● Your task: Copy everything in the listing below word for word, apart from any images.

● Input data:
•••••
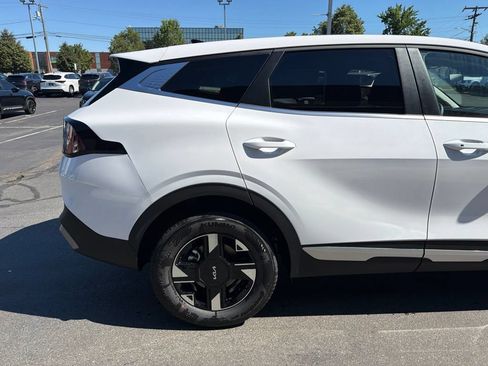 New 2026 Kia Sportage LX AWD/4WD image 7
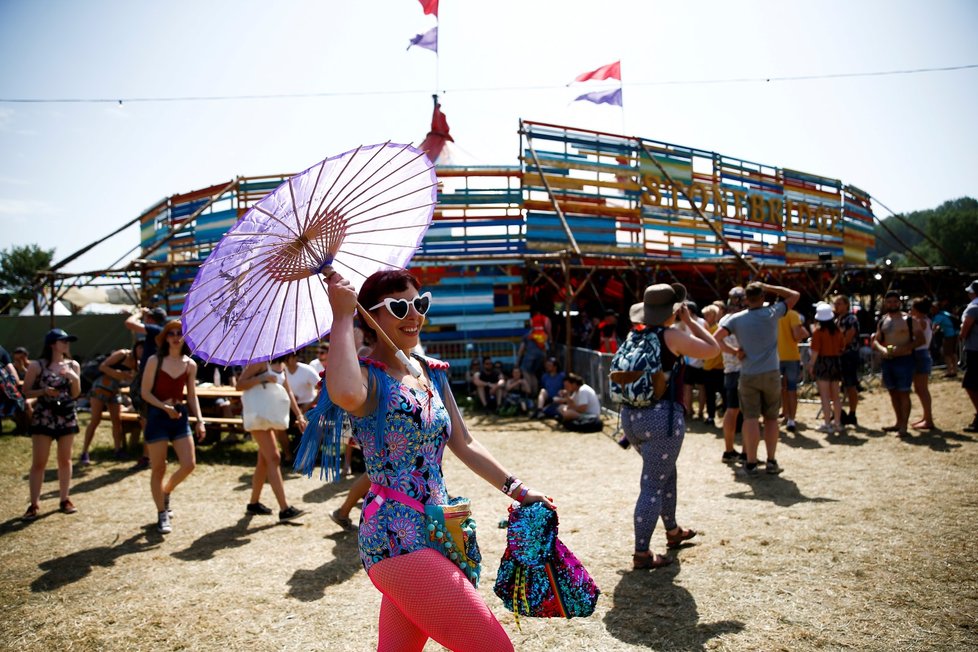 Festival Glastonbury je přehlídkou pestrobarevných kostýmů, výstředností až bizarností. Návštěvníci se snaží zaujmout a nebojí se udělat si ze sebe legraci.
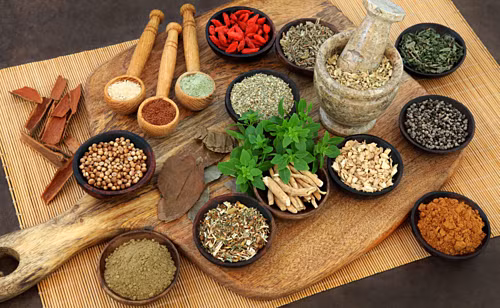 Gia vị là phần quan trọng trong chế độ dinh dưỡng theo triết lý Ayurveda của người Kerala. Ảnh: Soul of Yoga.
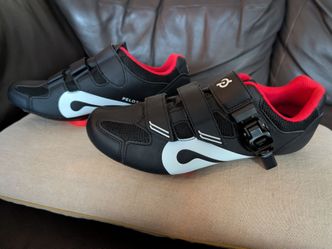 Peloton cycling shoes size 43 / 12 BRAND NEW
•••••
● Output for this task:
 New 2026 Kia Sportage LX AWD/4WD image 7
 Festival Glastonbury je přehlídkou pestrobarevných kostýmů, výstředností až bizarností. Návštěvníci se snaží zaujmout a nebojí se udělat si ze sebe legraci.
 Gia vị là phần quan trọng trong chế độ dinh dưỡng theo triết lý Ayurveda của người Kerala. Ảnh: Soul of Yoga.
 Peloton cycling shoes size 43 / 12 BRAND NEW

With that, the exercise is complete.